Page 112: Meanwhile, the "Sudeten German Party" continues to grow. The Prague government's policy of suppression has as its result a consolidation of the Sudeten Germans, who are firmly resolved to fend off the threats to their ethnic group. At the community elections on April 22, 1938, the Party wins 91.44% of all German votes. Two days later, on April 24, the historic Party Convention takes place in Karlsbad, and Konrad Henlein announces his famous Eight Points.
"If matters in the Czechoslovak state are to progress peacefully, then it is the conviction of the Sudeten Germans that the following state and judicial order is necessary:
1. Full equality of rights and status with the Czech people.

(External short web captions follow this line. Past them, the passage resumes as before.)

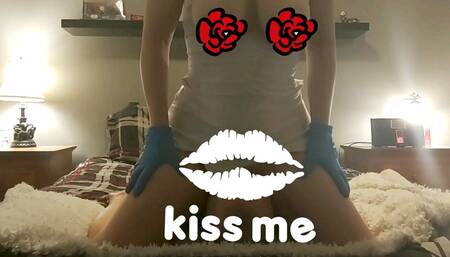 Social Distance Facesitting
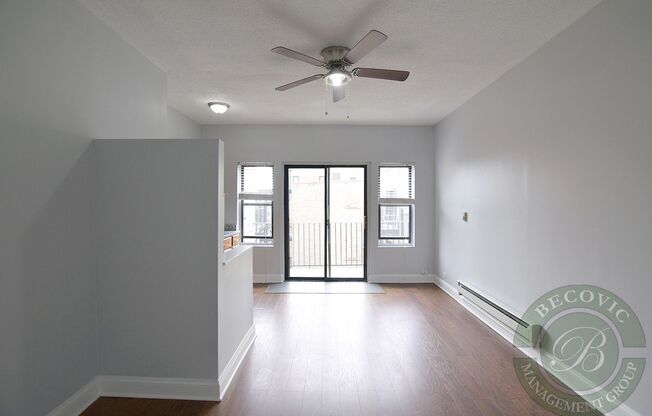 Studio, 1 bath, 305 sqft, $1,550, Unit 317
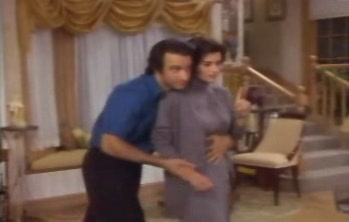 courteneycox-thetroublewithlarry_7180.jpg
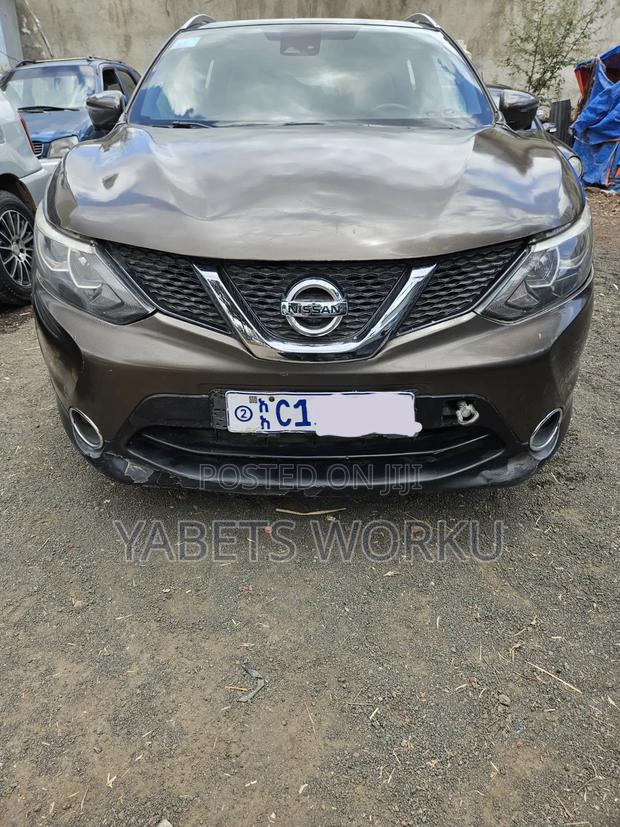 Nissan Qashqai 2017 Brown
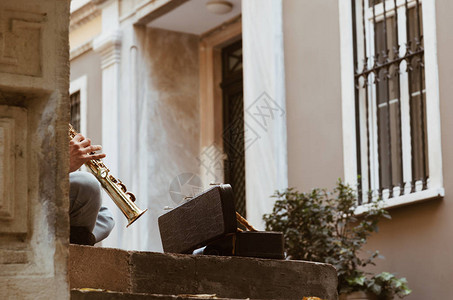 街头艺人为钱演奏单簧管图片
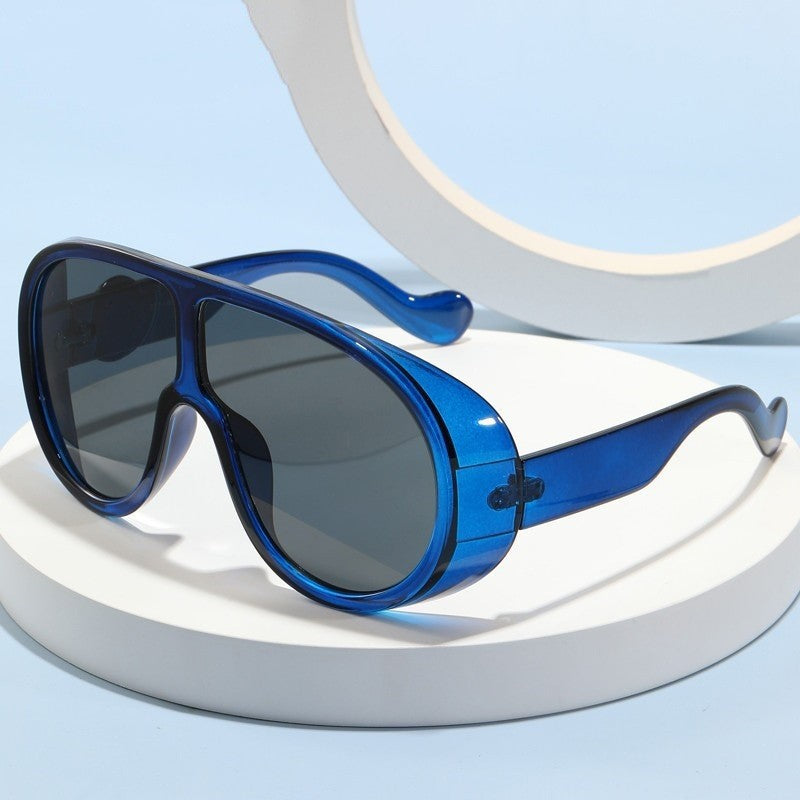Women Sporty Oversized Sunglasses with Innovative Design Stornfield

In his commentary on these Eight Points Henlein pointed out at the Conference that Czechoslovakia's obligations under international law followed from President Wilson's well-known 14 Points, from the memoranda of the Czech peace delegation to the Peace Conference, and from Dr. Benes's note of May 20, 1919, as well as from the Peace Conference's statements in this regard, and from the national treaty of St. Germain of September 10, 1919.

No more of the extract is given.